Roles and Experiences of Fathers of Children with Autism

Background: It is recognized that families tend to provide the majority of care for children and adolescents with autism.  However, what is not well understood is how family care unfolds over the course of development for children with autism and their families.  This gap is surprising given that (a) parents play a critical caregiving role, and (b) intervention programming for children with autism often takes place in the home. Addressing this gap is particularly important given that the well-being of parents is paramount if they are to be sustained in their crucial caregiving role. While another study by this team is examining maternal experiences, this study will examine the roles, tasks and experiences of fathers of children with autism and how couples negotiate care for the child.  With emerging literature that suggests one member of the family can integrally affect other family members, this study is crucial in understanding the impact of autism in family life.  Based on study findings, paternal and family-based supports and interventions can targeted to need and evaluated.

Objectives: To address these gaps, this study addresses the following research questions:

1. How do fathers perceive and experience autism in their children (up to age 25 years)?
   
2. How do fathers’ experience of autism change over time?
   
3. What are fathers’ roles in autism care, and what contributes to fathers’ wellbeing in the context of these roles?
   
4. How do mothers and fathers negotiate and give meaning to their children’s disorder and care?
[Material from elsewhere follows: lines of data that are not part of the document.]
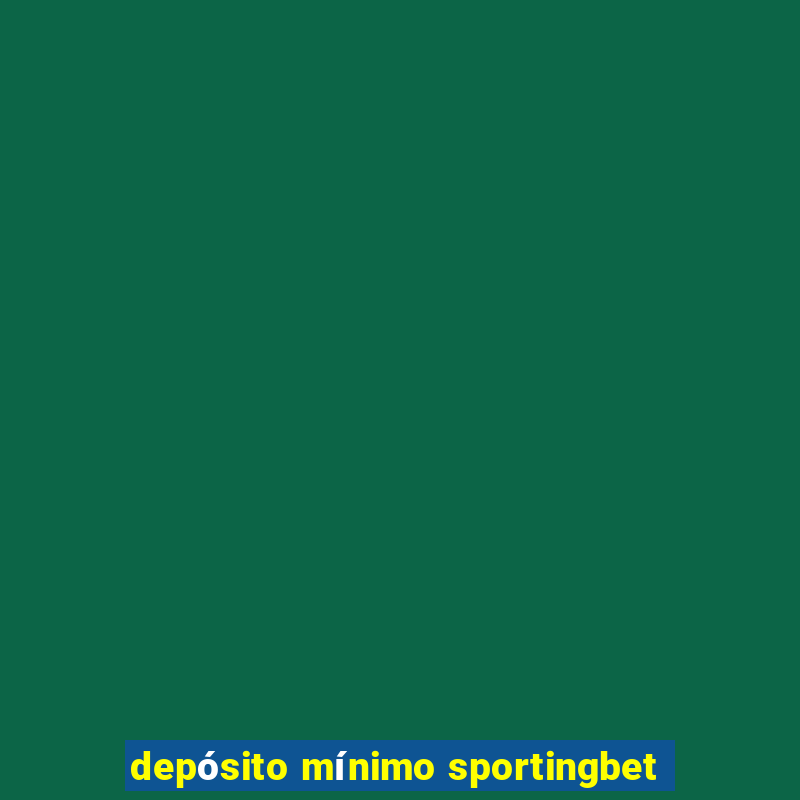 depósito mínimo sportingbet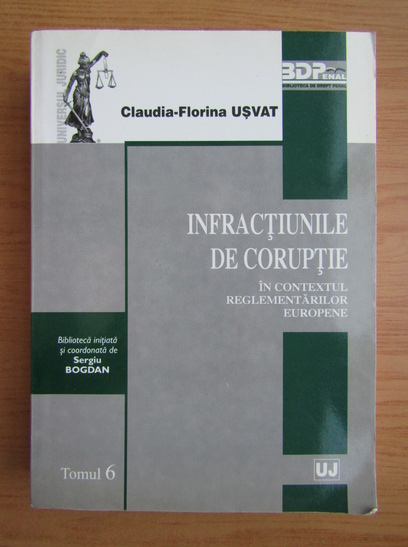 Anticariat: Claudia Florina Usvat - Infractiunile de coruptie in contextul reglementarilor europene (volumul 6)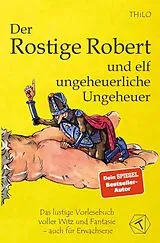 Kartonierter Einband Der Rostige Robert und elf ungeheuerliche Ungeheuer - Band 3 von THiLO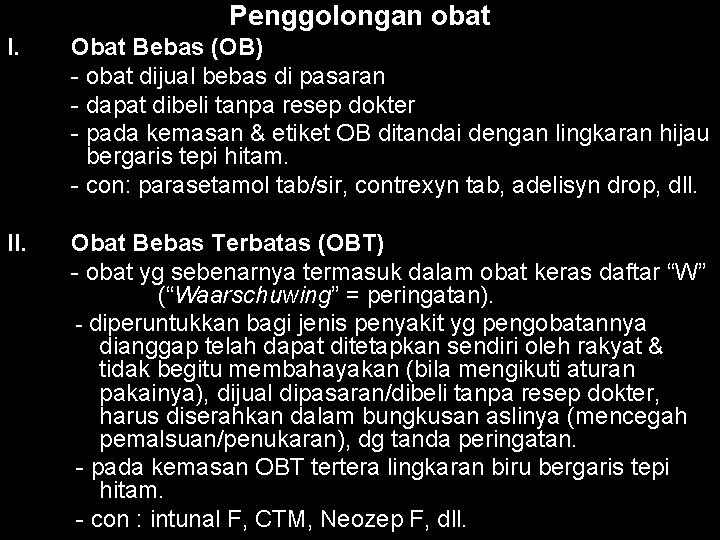 Penggolongan obat I. Obat Bebas (OB) - obat dijual bebas di pasaran - dapat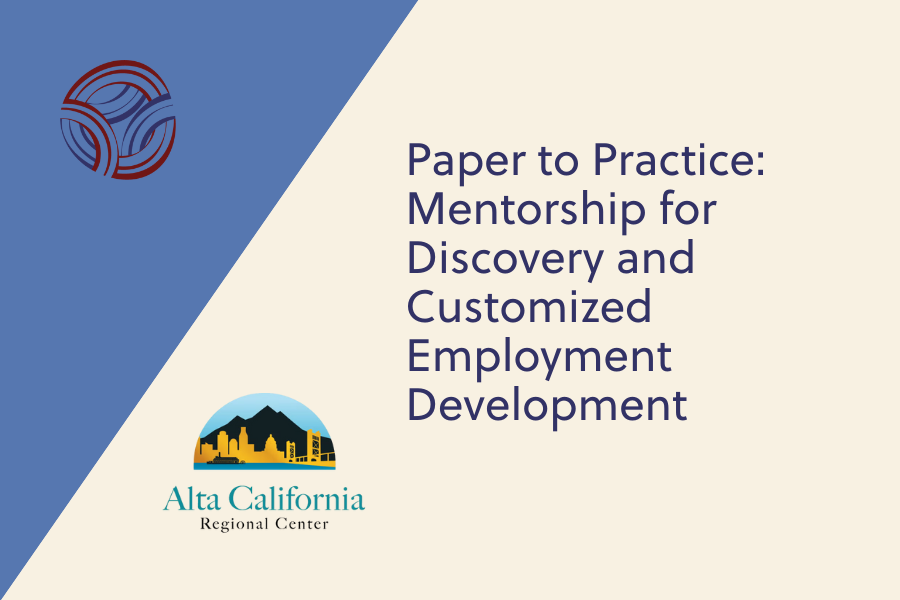Paper to Practice: Mentorship for Discovery and Customized Employment Development - ACRC ONLY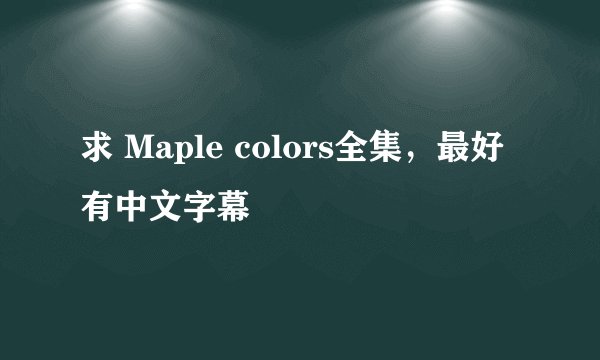 求 Maple colors全集，最好有中文字幕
Methods: The study will involve a theoretical sample of 20 fathers of a child with autism.  Fathers are participating in a single semi-structured interview.  Sample size permits variation in child age and diagnosis, cultural background, and family constellation. Sample selection is based on population databases of children (birth to 25 years) followed at the Autism Research Units at The Hospital for Sick Children, Toronto and the Glenrose Rehabilitation Hospital, Edmonton, both in Canada. 
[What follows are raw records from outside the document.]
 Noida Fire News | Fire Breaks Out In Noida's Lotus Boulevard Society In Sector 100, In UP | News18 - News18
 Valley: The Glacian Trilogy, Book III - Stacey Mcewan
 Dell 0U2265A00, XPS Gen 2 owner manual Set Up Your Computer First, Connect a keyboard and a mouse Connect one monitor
Results: The presentation will address the following areas of study outcome:

• paternal roles and experiences associated with autism and how they change over time
  
• tasks that fathers fulfill in caring for their children with autism
  
• fathers’ perceptions of the challenges and blessings associated with childhood autism
  
• ways that fathers are supported/not supported
  
• supports that fathers would find helpful in managing their child’s care 
  
• ways that parents negotiate care, and ways that parents attribute meaning to their caregiving experience.

Conclusions: The study addresses an existing gap of knowledge and, as targeted resources are developed offering paternal support, practical benefits for fathers and families can result.  Based on the identification of paternal experiences and needs yielded in this study, it is anticipated that an ameliorative resource addressing these needs will be developed and tested in a future study within this research program.